Lembro-me de ter vindo a cantar o tempo todo no caminho para casa e de pensar que talvez seria felicidade com outra substância mais. De não querer que a noite acabasse, mas sabendo que o corpo queria era descanso. De estar em silêncio no quarto, com o ruído do festival ainda nos ouvidos. De ter pensado, segundos antes de adormecer, que mal podia esperar por viver tudo aquilo outra vez. Parte de mim dormia, sim, mas outra tinha acabado de despertar. Não me tenho dado nada mal desde então.  

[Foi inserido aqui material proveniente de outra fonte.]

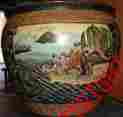 Epny-12l-20 Oriental Furnishings 20 Chinese Porcelain Fishbowl Planters In Satsuma Geishas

A canção de cima foi provavelmente o meu momento favorito do concerto do senhor Lenny. Não posso dizer que tenha havido um em particular no da Amy, mas guardo uma pontinha de satisfação por ao menos tê-la visto em (des)concerto antes de nos abandonar. É nos momentos de lucidez que a devemos relembrar e valorizar, por isso acendo a minha velinha ao som de "Tears Dry on Their Own":



* O repto foi dado em plena aula quando o estimado RMA nos pediu para escrever uma crónica com a seguinte deixa "No dia em que eu...". Logo pensei que tinha esgotado as minhas temáticas com a Odisseia Musical, mas afinal havia um episódio que me tinha escapado. Ainda bem que me lembrei de o contar - é uma página de diário especial e fazia falta aqui.